- _Problem description_
Restate word for word the lines below from the one that has "Wolbar Dame Slip" through the one that has "Frühstücksbrett Holz - Verrückt", keeping both and dropping all pictures.

- _Dataset content_
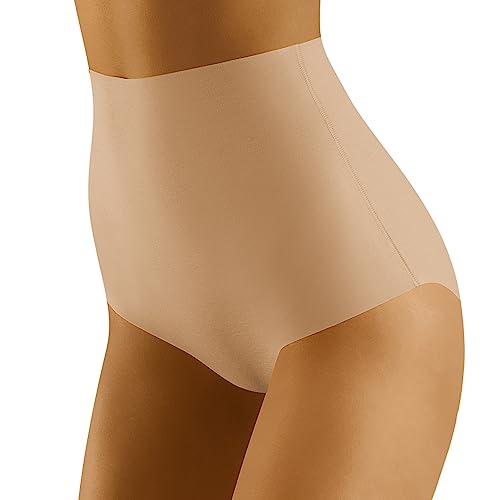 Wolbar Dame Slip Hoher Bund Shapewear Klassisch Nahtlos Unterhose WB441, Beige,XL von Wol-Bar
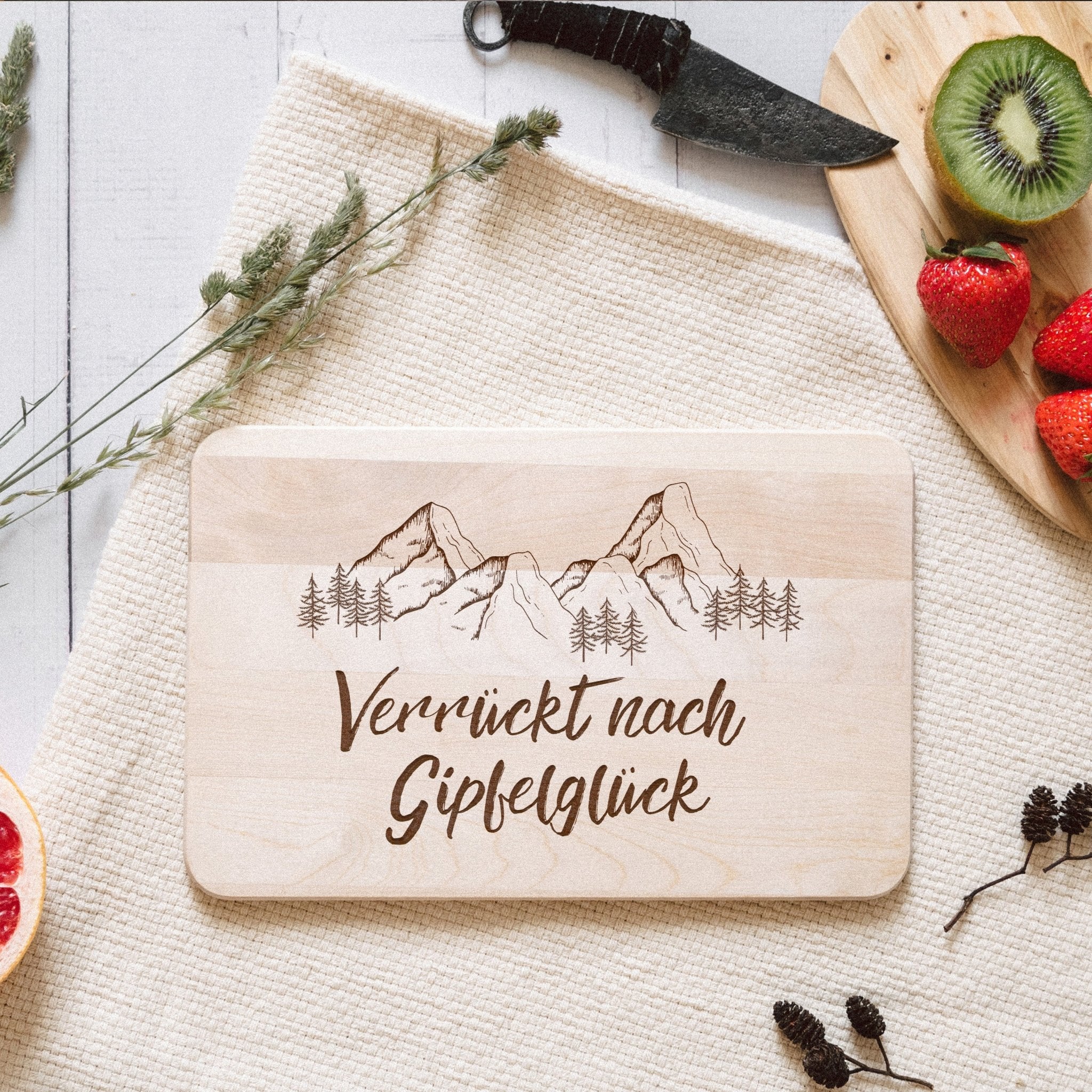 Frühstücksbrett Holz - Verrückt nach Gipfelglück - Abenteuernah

--

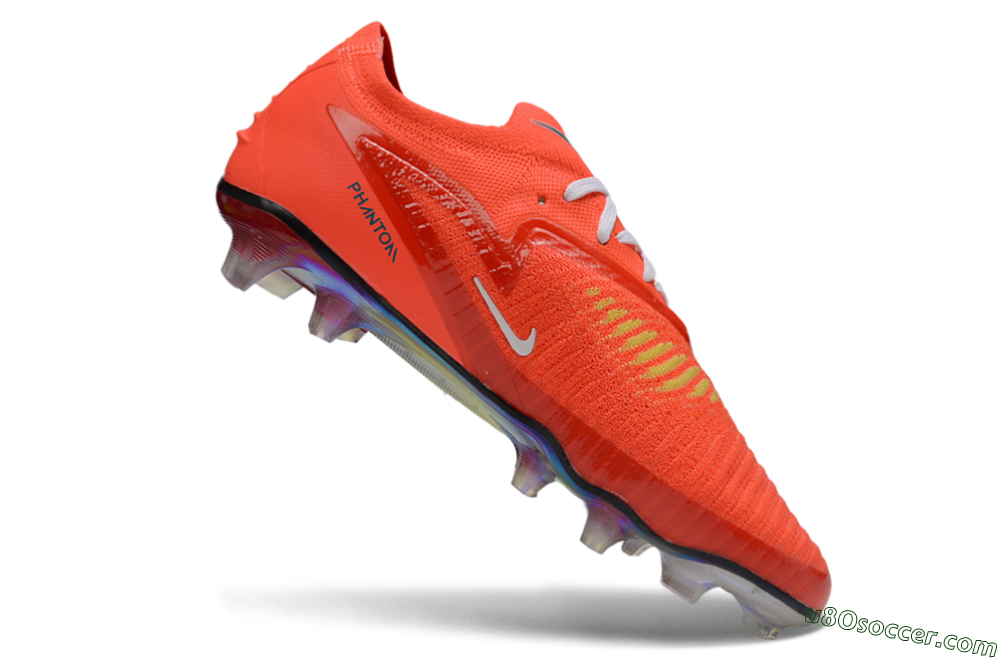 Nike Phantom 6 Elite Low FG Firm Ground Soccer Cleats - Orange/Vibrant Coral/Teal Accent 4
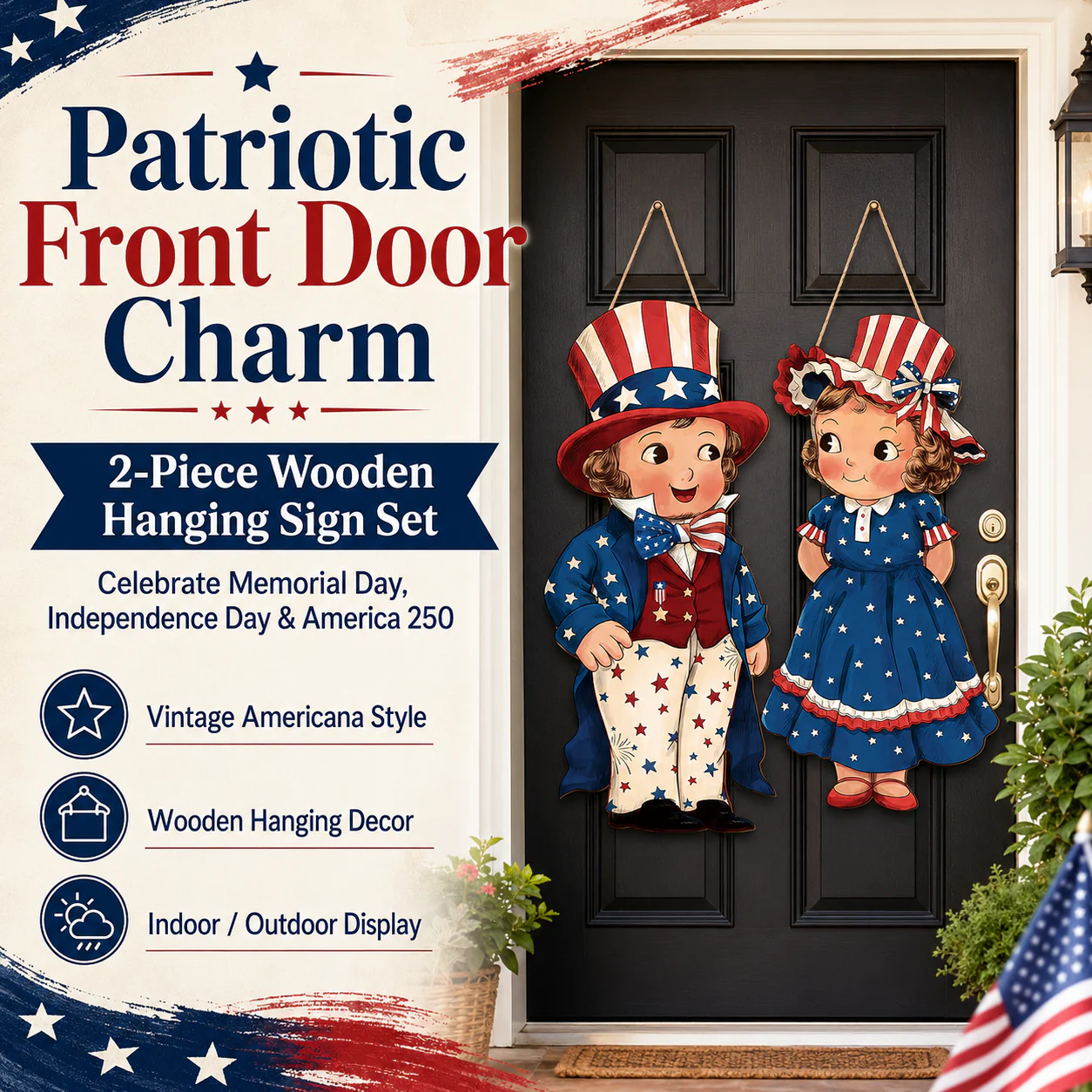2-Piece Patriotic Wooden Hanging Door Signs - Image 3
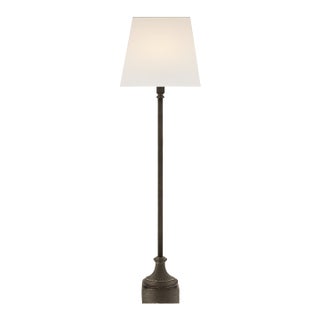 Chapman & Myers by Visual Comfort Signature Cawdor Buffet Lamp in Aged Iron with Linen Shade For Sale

==

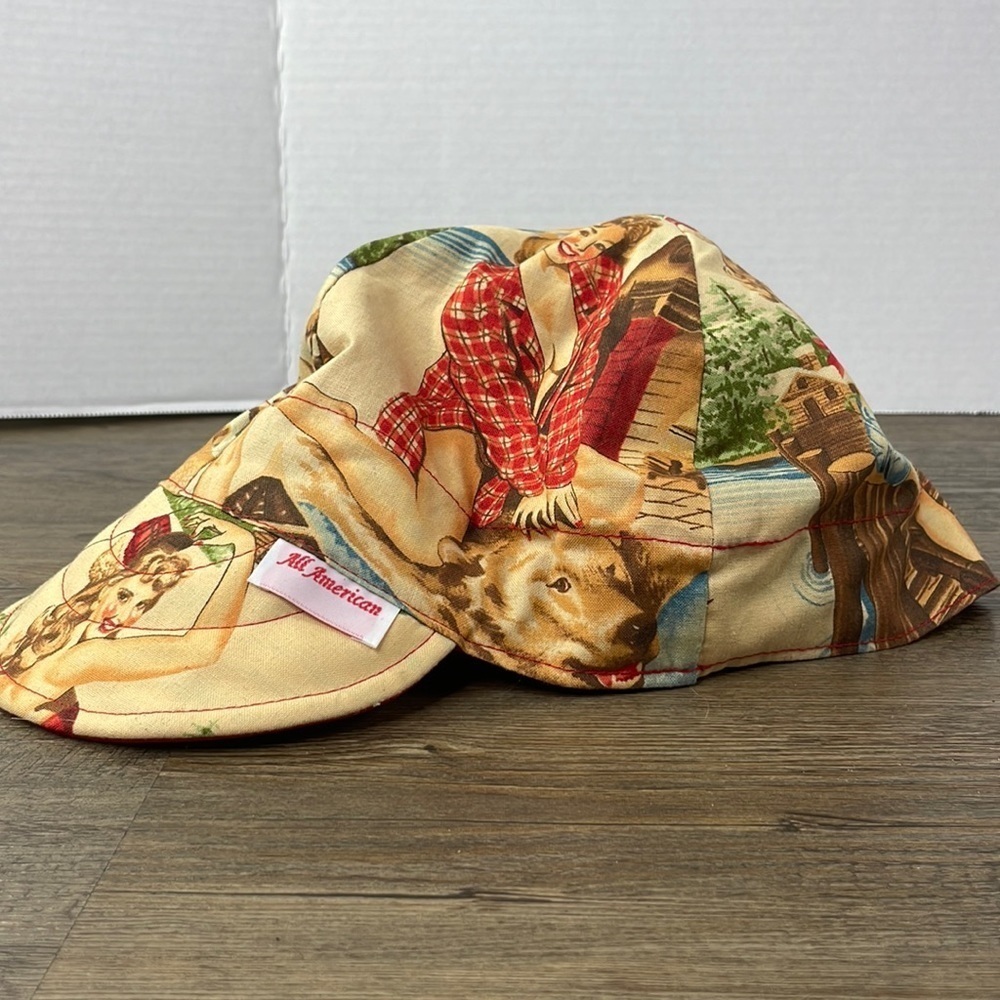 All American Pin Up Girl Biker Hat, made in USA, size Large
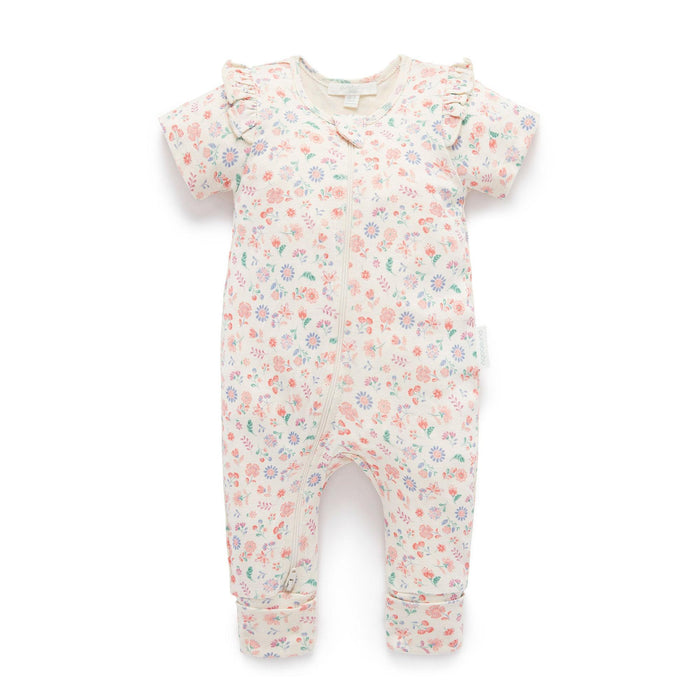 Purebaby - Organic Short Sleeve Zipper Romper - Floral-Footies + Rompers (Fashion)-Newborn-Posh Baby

- _Response to the exercise_
 Wolbar Dame Slip Hoher Bund Shapewear Klassisch Nahtlos Unterhose WB441, Beige,XL von Wol-Bar
 Frühstücksbrett Holz - Verrückt nach Gipfelglück - Abenteuernah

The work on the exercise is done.